Besides the hierarchy of objects and individual object attributes (see Object attributes), hwloc may also expose finer information about the hardware organization.

Distances

A machine with 4 CPUs may have identical links between every pairs of CPUs, or those CPUs could also only be connected through a ring. In the ring case, accessing the memory of nearby CPUs is slower than local memory, but it is also faster than accessing the memory of CPU on the opposite side of the ring. These deep details cannot be exposed in the hwloc hierarchy, that is why hwloc also exposes distances.

Distances are matrices of values between sets of objects, usually latencies or bandwidths. By default, hwloc tries to get a matrix of relative latencies between NUMA nodes when exposed by the hardware.

In the aforementioned ring case, the matrix could report 10 for latency between a NUMA node and itself, 20 for nearby nodes, and 30 for nodes that are opposites on the ring. Those are theoretical values exposed by hardware vendors (in the System Locality Distance Information Table (SLIT) in the ACPI) rather than physical latencies. They are mostly meant for comparing node relative distances.

Distances structures currently created by hwloc are:

NUMALatency (Linux, Solaris, FreeBSD)
This is the matrix of theoretical latencies described above.
XGMIBandwidth (RSMI)

This is the matrix of unidirectional XGMI bandwidths between AMD GPUs (in MB/s). It contains 0 when there is no direct XGMI link between objects. Values on the diagonal are artificially set to very high so that local access always appears faster than remote access.

GPUs are identified by RSMI OS devices such as "rsmi0". They may be converted into the corresponding OpenCL or PCI devices using hwloc_get_obj_with_same_locality() or the hwloc-annotate tool.

hwloc_distances_transform() or hwloc-annotate may also be used to transform this matrix into something more convenient, for instance by replacing bandwidths with numbers of links between peers.

XGMIHops (RSMI)
This matrix lists the number of XGMI hops between AMD GPUs. It reports 1 when there is a direct link between two distinct GPUs.

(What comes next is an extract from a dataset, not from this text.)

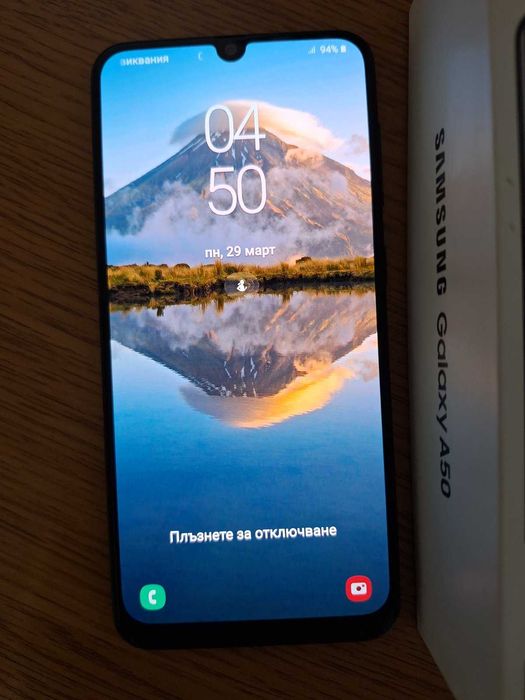 Samsung Galaxy A50 - Black 128GB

If there is no XGMI route between them, the value is 0. The number of hops between a GPU and itself (on the diagonal) is 0 as well.
XeLinkBandwidth (LevelZero)

This is the matrix of unidirectional XeLink bandwidths between Intel GPUs (in MB/s). It contains 0 when there is no direct XeLink between objects. When there are multiple links, their bandwidth is aggregated.

Values on the diagonal are artificially set to very high so that local access always appears faster than remote access. This includes bandwidths between a (sub)device and itself, between a subdevice and its parent device, or between two subdevices of the same parent.

The matrix interconnects all LevelZero devices and subdevices (if any), even if some of them may have no link at all.

NVLinkBandwidth (NVML)

This is the matrix of unidirectional NVLink bandwidths between NVIDIA GPUs (in MB/s). It contains 0 when there is no direct NVLink between objects. When there are multiple links, their bandwidth is aggregated. Values on the diagonal are artificially set to very high so that local access always appears faster than remote access.

On POWER platforms, NVLinks may also connects GPUs to CPUs. On NVIDIA platforms such as DGX-2, a NVSwitch may interconnect GPUs through NVLinks. In these cases, the distances structure is heterogeneous. GPUs always appear first in the matrix (as NVML OS devices such as "nvml0"), and non-GPU objects may appear at the end (Package for POWER processors, PCI device for NVSwitch).

NVML OS devices may be converted into the corresponding CUDA, OpenCL or PCI devices using hwloc_get_obj_with_same_locality() or the hwloc-annotate tool.

hwloc_distances_transform() or hwloc-annotate may also be used to transform this matrix into something more convenient, for instance by removing switches or CPU ports, or by replacing bandwidths with numbers of links between peers.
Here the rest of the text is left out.